Following my online analysis of the Supreme Court’s opinion overruling Roe v. Wade, Dobbs v. Jackson Women’s Health, I heard from folks who were unperturbed by the fact that Dobbs is based on a religious belief—life begins at conception—rather than a legal foundation. One man politely chastised me for my views and suggested that I need to be saved by Christ. When I responded that I am in fact a Christian who disagrees with his beliefs, he told me that, “There is no such thing as TWO true Christianities.” Another conversant urged me to take “the spiritual approach,” which would lead me to truly understand Dobbs and the bans on abortion.
Here was my response: “With all the due respect required by the tolerance necessary to our democracy, I do not share your beliefs. Indeed, my faith rejects them. The Constitution is not supposed to be interpreted through one religious viewpoint. Here is irrefutable original intent: the Framers rejected a theocracy in favor of a democratic republic.”
I tell these stories to highlight the danger the forces behind the theologically-driven Dobbs opinion are to our pluralist democracy and religious diversity. Most Americans have been gas-lit by the religious right to cower from declaring our own beliefs. At the same time, their fellow believers have been persuaded that constitutional rights should rest on their religious beliefs.
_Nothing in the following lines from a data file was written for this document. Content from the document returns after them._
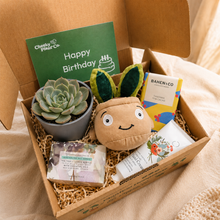 Load image into Gallery viewer, Happy Birthday - Succulent Hamper / Succulent Gift Box
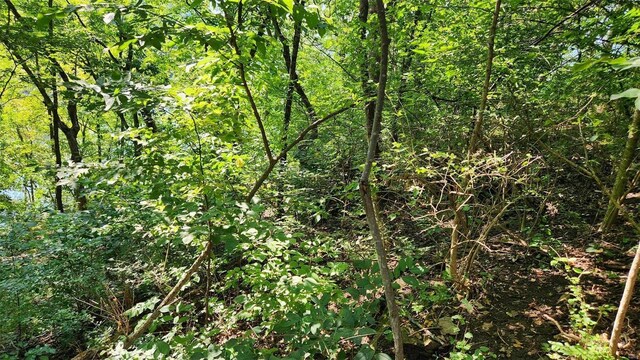 1828 Lionheart Ct, Marthasville, MO 63357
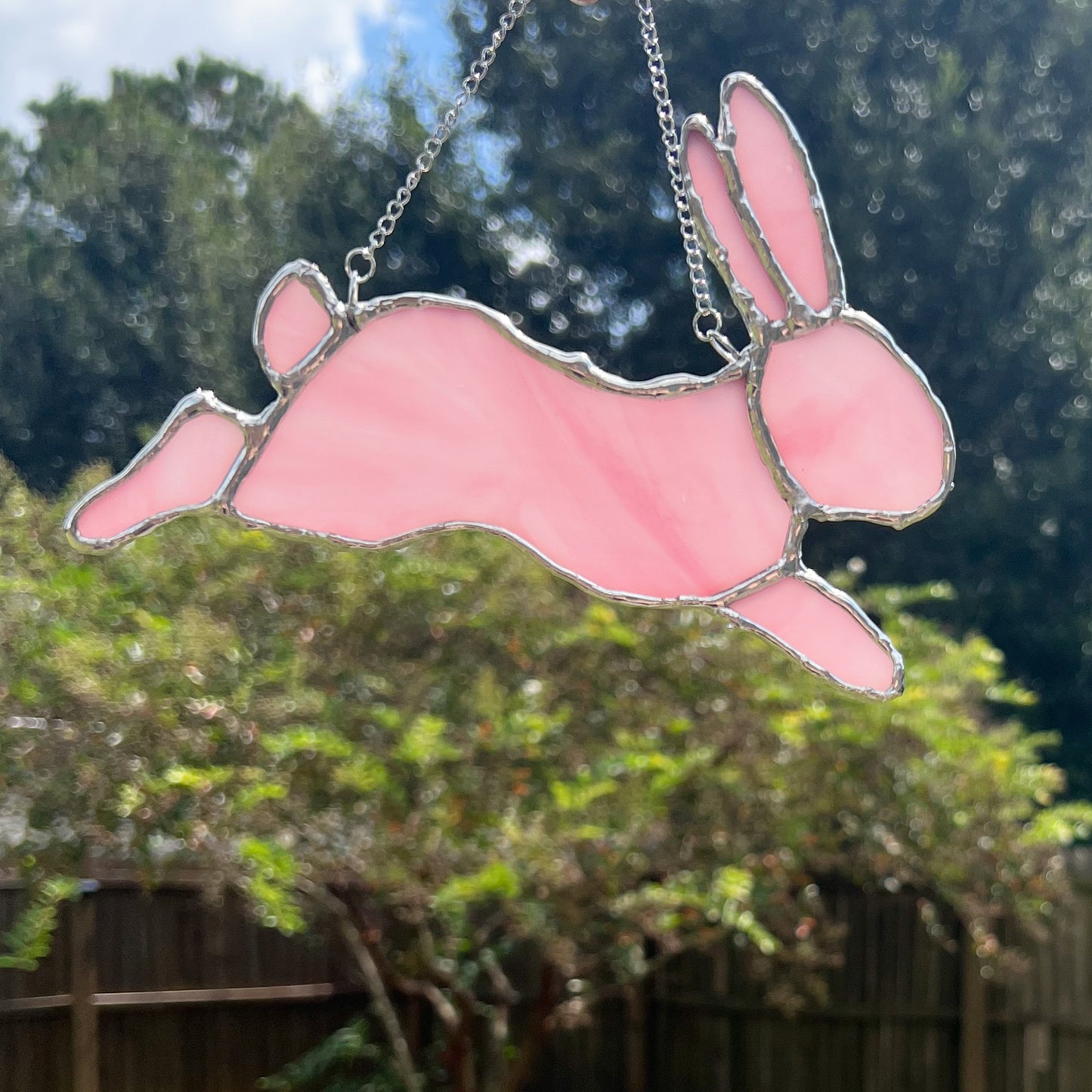 Bunnie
Their persistent labeling of their beliefs as “religious” and everyone else’s as “secular” has led millions of Americans to think that this has been a culture war between true believers and religious outsiders. That’s a lie. It’s never been a culture war—it’s a religious war. Tragically, only the right has understood that. Until now.
In fact, those who disagree with the religious right on abortion are also religious, whether explicitly or simply as part of the person’s religious worldview. They just don’t believe what the pro-life believers and a majority of the Justices do. It’s time for the majority of Americans to insist that their beliefs and religious worldviews be recognized in the courts on the abortion issue, and others as well.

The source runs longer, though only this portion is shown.